In this part, we explain some syntax and vocabulary concepts in Pandas library. Mainly, we clarify the concepts of **Pandas Functions, Methods** and **Attributes**.

**Pandas Functions**

The Pandas library has a list of built-in functions that are designed to do a variety of operations such as reading datasets and merging data objects. 

These functions usually have the prefix pandas or pd.

In the example below, notice we used the built-in function [`read_csv()`](https://pandas.pydata.org/docs/reference/api/pandas.read_csv.html) to read a csv dataset file into a DataFrame object and assign it to a variable called `df_countries`.

In [5]:
# Import Sample DataFrame
df_countries = pd.read_csv("sample dataset.csv")

In [6]:
# Display the dataset
df_countries

Unnamed: 0,country_code,country_name,capital_city,population_size,national_day
0,CN,China,Beijing,1440297825,10/1/1949
1,AR,Argentina,Buenos Aires,45267449,7/9/1816
2,IN,India,New Delhi,1382345085,15/7/1947
3,NG,Nigeria,Abuja,206984347,1/10/1960
4,US,United States,Washington,331341050,4/7/1776


**Pandas Methods**

Pandas Methods are “**Action Oriented**” and mostly used to do something to the data object. 
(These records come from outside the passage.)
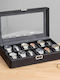 Resteq Uhrenbeweger & Etuis 12er Organizer Elegant Box mit Trennwänden und Transparenter Kappe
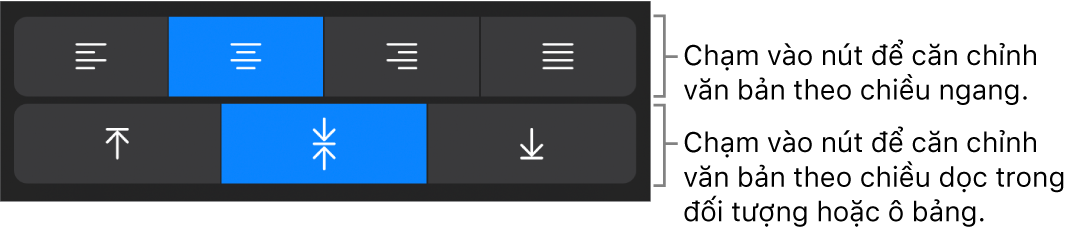 Các nút căn chỉnh theo chiều ngang và chiều dọc cho văn bản.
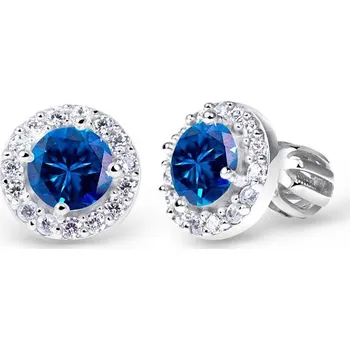 Náušnice Cutie Jewellery Náušnice z bílého zlata se zirkony Z60168B Barva: Modrá
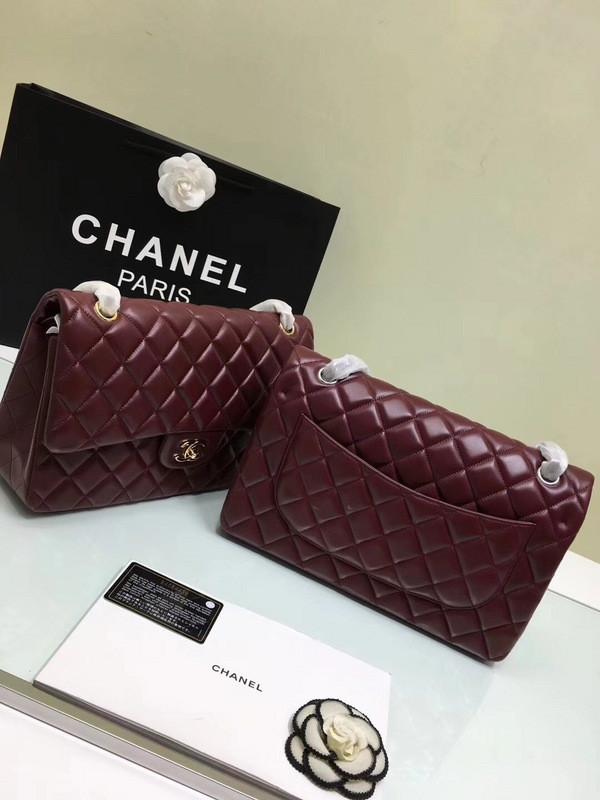 CL 1112 Wine Red Large Size 30cm Lambskin Leather Flap Bag With Gold/Silver Hardware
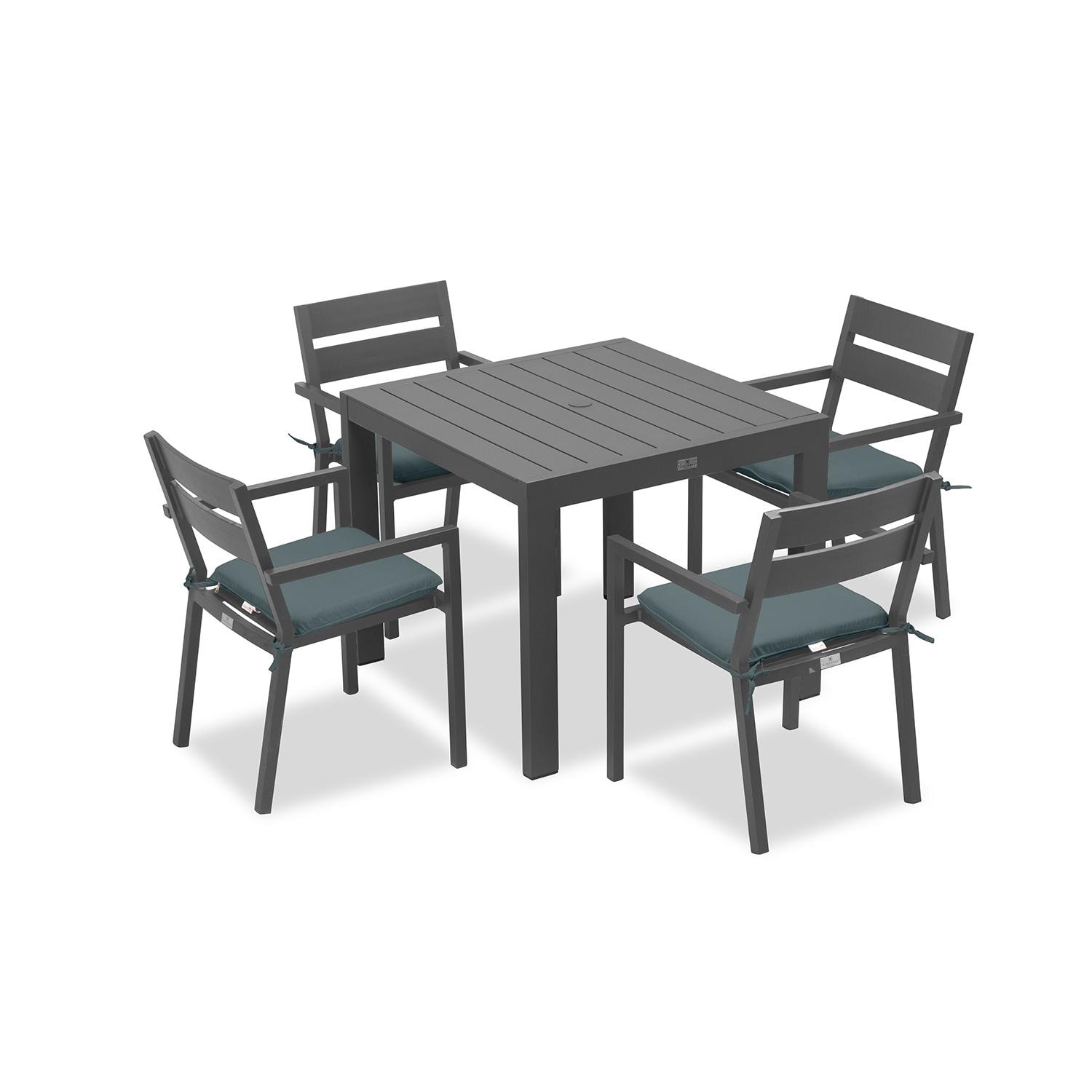 Calm Bay Classic 5 Pc Square Dining Set in Slate/Cast Lagoon by Lakeview - White Background thumbnail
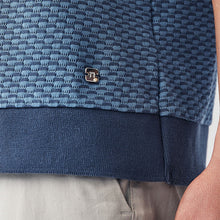 Load image into Gallery viewer, Blue Textured Colour Block Polo Shirt
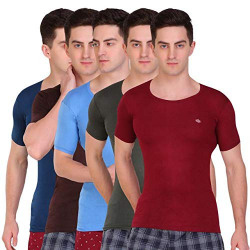 T.T. Men Solid Pack of 5 Dyed Vest Assorted(TIT_Dyed_RNS_PO5_Mix_85)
In this example below, we use the [`set_index()`](https://pandas.pydata.org/docs/reference/api/pandas.DataFrame.set_index.html) method to assign the country code column to be the DataFrame index. 
Notice we needed to pass the column name as a parameter to the method.

In [None]:
# Assign the "country code" as DataFrame index
df_countries.set_index("country_code")

**Pandas Attributes**

Attributes are used to describe and find information about a given data object.

Notice how attributes don’t need to have parentheses since they don’t usually take any parameters.

In the examples below, notice how we used the attribute [`shape`](https://pandas.pydata.org/pandas-docs/version/0.23/generated/pandas.DataFrame.shape.html) to find out the dimensions of our DataFrame object. The dimension basically tells us how many rows and records there are in our dataframe.

In [8]:
# Display the dimensions of countries DataFrame
df_countries.shape

(5, 5)